Data for review:
══════════════════════════════
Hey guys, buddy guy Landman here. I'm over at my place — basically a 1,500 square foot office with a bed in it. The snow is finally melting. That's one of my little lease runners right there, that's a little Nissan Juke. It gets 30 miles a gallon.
══════════════════════════════
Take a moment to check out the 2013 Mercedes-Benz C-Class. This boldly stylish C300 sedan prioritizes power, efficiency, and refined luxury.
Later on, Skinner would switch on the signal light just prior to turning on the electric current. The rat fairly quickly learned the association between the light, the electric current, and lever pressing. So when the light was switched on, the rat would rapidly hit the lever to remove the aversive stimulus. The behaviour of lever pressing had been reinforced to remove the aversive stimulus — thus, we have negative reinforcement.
══════════════════════════════
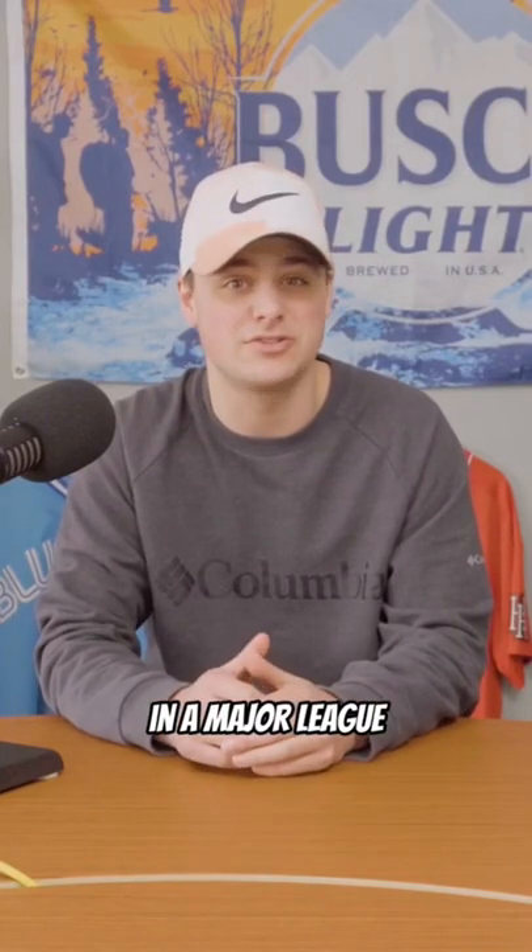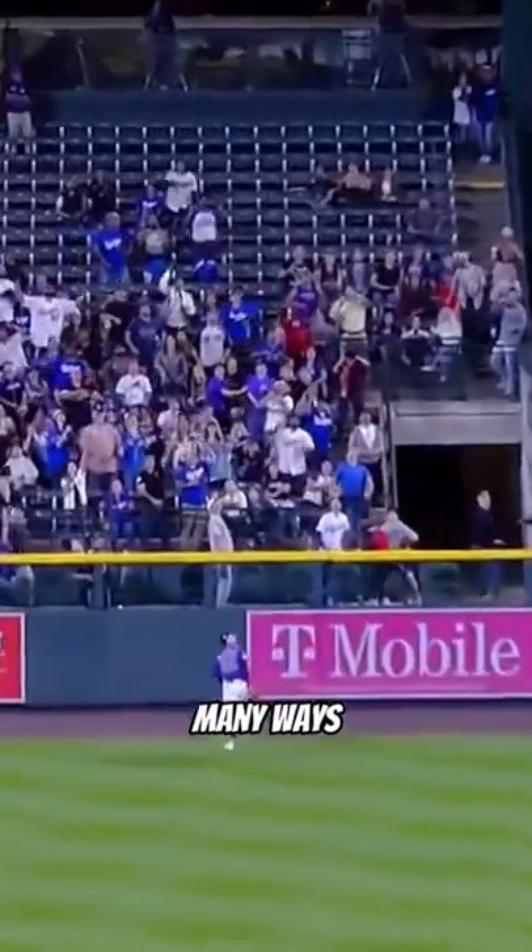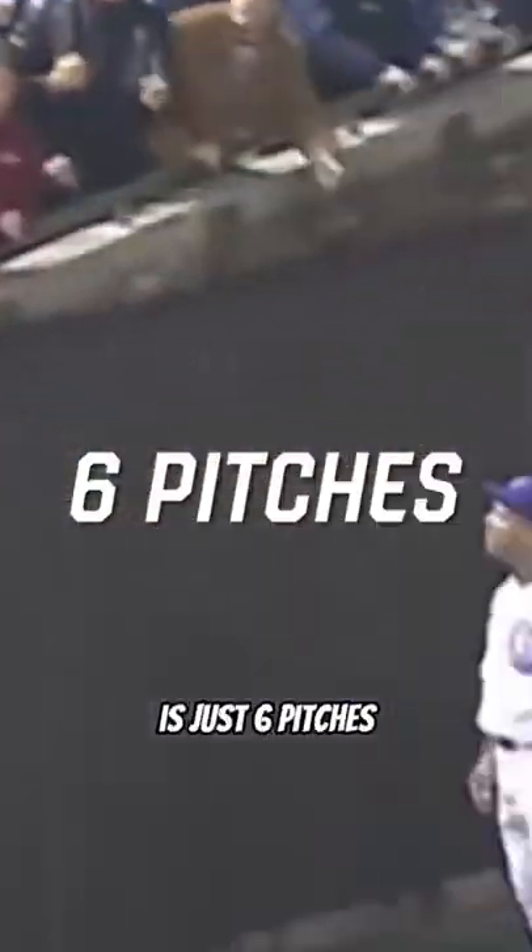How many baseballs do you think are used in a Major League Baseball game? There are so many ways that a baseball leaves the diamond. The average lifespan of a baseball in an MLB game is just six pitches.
══════════════════════════════
Directions for this task:
From the material above, set down exactly the lines starting at the one with "Take a moment" and ending at the one with "Later on, Skinner", end lines included.

Finished task:
Take a moment to check out the 2013 Mercedes-Benz C-Class. This boldly stylish C300 sedan prioritizes power, efficiency, and refined luxury.
Later on, Skinner would switch on the signal light just prior to turning on the electric current. The rat fairly quickly learned the association between the light, the electric current, and lever pressing. So when the light was switched on, the rat would rapidly hit the lever to remove the aversive stimulus. The behaviour of lever pressing had been reinforced to remove the aversive stimulus — thus, we have negative reinforcement.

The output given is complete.